In a letter to Attorney General Eric Holder, AP President and CEO Gary Pruitt said “there can be no possible justification for such an overbroad collection” of phone records and that the documents “potentially reveal communications with confidential sources across all of the newsgathering activities undertaken by the AP during a two-month period.”
When asked how it obtained the phone records, the Justice Department sent this prepared statement to Business Insider:
We take seriously our obligations to follow all applicable laws, federal regulations, and Department of Justice policies when issuing subpoenas for phone records of media organizations. Those regulations require us to make every reasonable effort to obtain information through alternative means before even considering a subpoena for the phone records of a member of the media. We must notify the media organization in advance unless doing so would pose a substantial threat to the integrity of the investigation.

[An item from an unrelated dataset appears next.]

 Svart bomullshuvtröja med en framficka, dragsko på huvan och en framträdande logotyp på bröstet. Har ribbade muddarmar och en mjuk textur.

Because we value the freedom of the press, we are always careful and deliberative in seeking to strike the right balance between the public interest in the free flow of information and the public interest in the fair andeffective administration of our criminal laws.
Confidential news sources tend to fade into the woodwork when they hear of the government taking such intrusive steps to get information. When news sources disappear, it isn’t long before the news becomes whatever the government says it is.
This hasn’t been a particularly good week for the Obama administration. Multiple media outlets reported that the IRS has been targeting conservative nonprofit organizations for two years and that the White House scrubbed the CIA’s timeline of events surrounding the Sept. 11 attack in Benghazi. This disclosure only adds fuel to the fire.
Last week the press learned that it had been lied to about Benghazi. This week it learned that they have been spied upon. The media won’t stand for either.